Penataan PKL di Menara Teratai: Menuju Ruang Publik Inklusif dan Tertib
- Istimewa
Jateng – Penataan Pedagang Kaki Lima (PKL) di kawasan wisata Menara Teratai Purwokerto menjadi perhatian serius Pemerintah Daerah dan DPRD Jawa Tengah. Didorong oleh kebutuhan menciptakan ruang publik yang tertib, estetis, namun tetap berpihak pada ekonomi rakyat, solusi inklusif terus digodok agar keberadaan PKL tidak menjadi masalah, melainkan potensi.
Wakil Ketua DPRD Jawa Tengah, Setya Arinugraha, menegaskan pentingnya penataan PKL yang tidak menghapus keberadaannya, melainkan mengintegrasikannya secara fungsional dan estetis.
“Dengan penataan yang tepat, Menara Teratai dapat menjadi landmark ikonik sekaligus penggerak ekonomi lokal. Perlu dibuatkan space khusus yang terjangkau dan mudah diakses bagi PKL,” ujarnya.
Menara Teratai sendiri merupakan ikon baru Purwokerto setinggi 117 meter dengan lima lantai multifungsi. Kawasan ini kini menjadi pusat wisata dan interaksi publik yang ramai, sekaligus menghadapi tantangan tata kelola ruang akibat padatnya aktivitas informal di sekitarnya.
Menurut Arinugraha, pengelolaan kawasan wisata harus melibatkan pendekatan partisipatif dan desain inklusif. Ia mendorong evaluasi menyeluruh terhadap pengelolaan kawasan oleh BLUD Pariwisata Banyumas serta perencanaan ruang yang berpihak pada seluruh lapisan masyarakat.

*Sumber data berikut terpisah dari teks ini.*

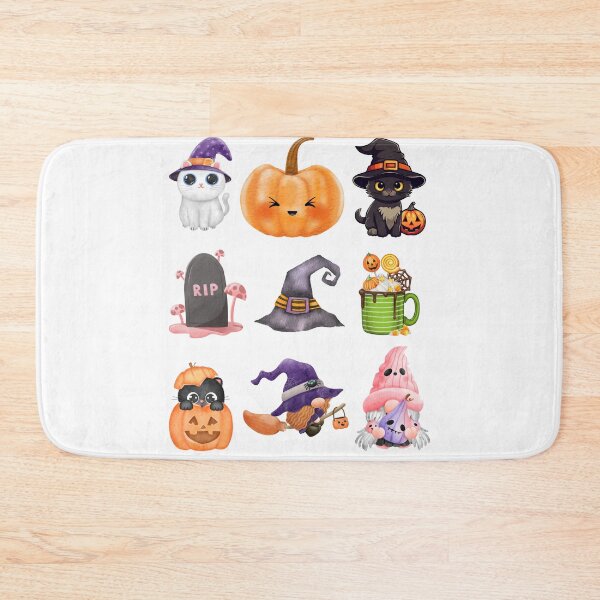 Item preview, A few of halloween stickers. Typical Halloween stickers. designed and sold by Lunaria Arts.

Wakil Ketua DPRD Jateng Setya Arinugraho
- Istimewa
Sejumlah strategi disiapkan untuk menyelaraskan fungsi wisata dan aktivitas ekonomi informal. Beberapa di antaranya adalah: Relokasi PKL ke area yang lebih terorganisir dan tetap strategis; Pembentukan paguyuban PKL sebagai wadah koordinasi dan tanggung jawab bersama; Pelatihan manajemen usaha, pemasaran digital, dan kebersihan.
Kemudian Penyediaan sarana pendukung seperti gerobak seragam, tenda estetis, hingga fasilitas sanitasi; Pemanfaatan teknologi melalui aplikasi berbasis lokasi untuk memantau sebaran dan aktivitas PKL secara real-time.

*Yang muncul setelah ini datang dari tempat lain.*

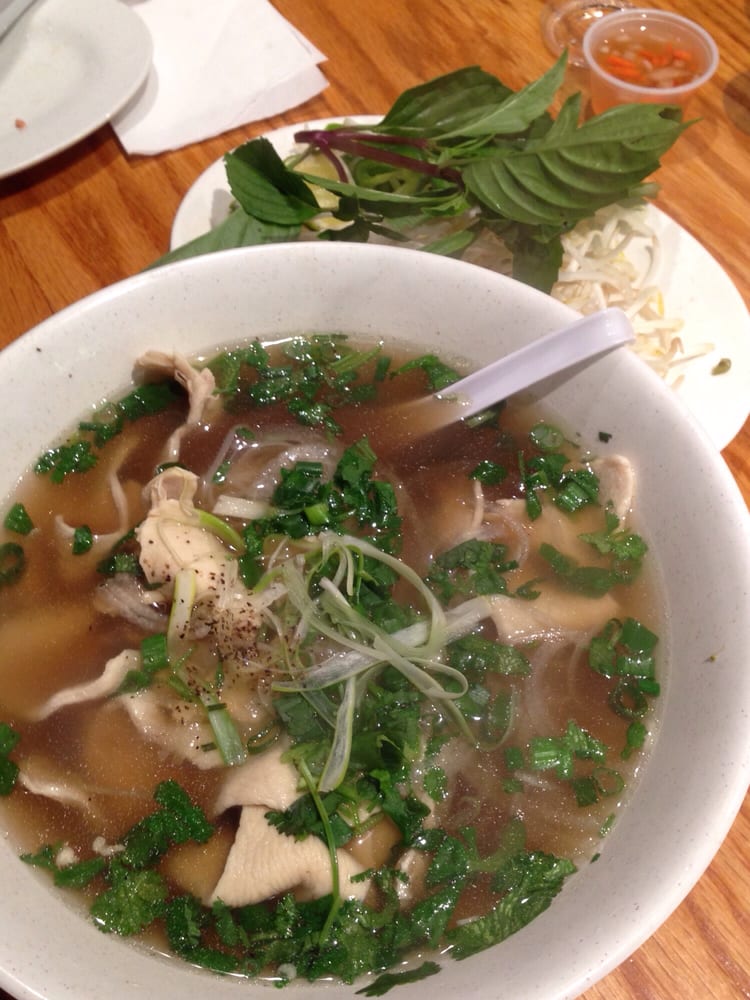 Pho Ga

Selain strategi teknis, pendekatan perencanaan kota juga menjadi sorotan. Konsep seperti mixed-use development, zonasi fleksibel, urban acupuncture, dan pengelolaan digital (smart urban management) menjadi landasan integrasi PKL dalam ruang publik. Pendekatan ini telah terbukti berhasil di kota-kota seperti Seoul, Bangkok, hingga Yogyakarta, yang mengadopsi model penataan PKL ramah wisata.
Contoh sukses nasional seperti penataan Malioboro menjadi bukti bahwa keberadaan PKL dapat selaras dengan estetika kota jika dikelola dengan baik dan melibatkan kolaborasi antar pihak. Meski demikian, Ari Nugraha mengingatkan perlunya kajian lebih lanjut terkait alasan PKL memilih lokasi trotoar, tingkat keterjangkauan area relokasi, dan kelayakan ekonomi shelter PKL.
Kajian tersebut idealnya melibatkan akademisi, pemerintah, dan pelaku usaha kecil. “Penataan PKL bukan sekadar penertiban, melainkan upaya menciptakan keadilan sosial dan pemberdayaan ekonomi dalam ruang publik,” tegasnya.
Dengan pendekatan holistik dan kolaboratif, kawasan Menara Teratai berpotensi menjadi model nasional dalam menciptakan ruang publik inklusif yang mendukung pertumbuhan ekonomi secara berkelanjutan.